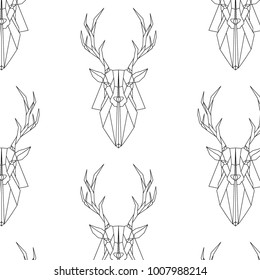 Geomteric Animal Vector Pattern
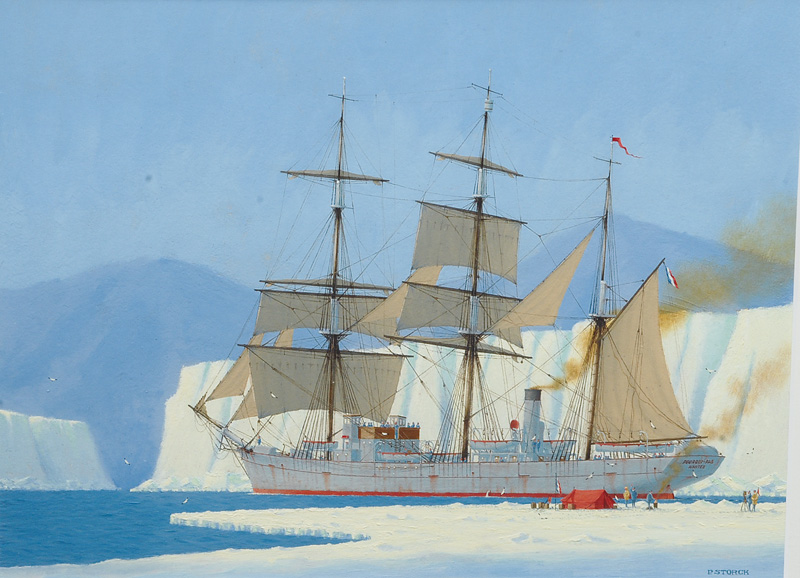 The Pourquoi-Pas off Greenland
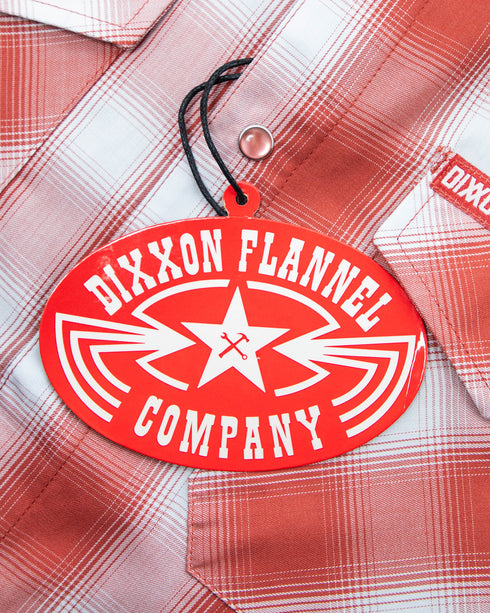 LUCKENBACH BAMBOO SHORT SLEEVE BUTTON UP - MENS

=======

_Work item_. Reproduce the material above exactly, but only from the line with "The Pourquoi-Pas off Greenland" through its last line, leaving pictures out.

_Your response_.
 The Pourquoi-Pas off Greenland
 LUCKENBACH BAMBOO SHORT SLEEVE BUTTON UP - MENS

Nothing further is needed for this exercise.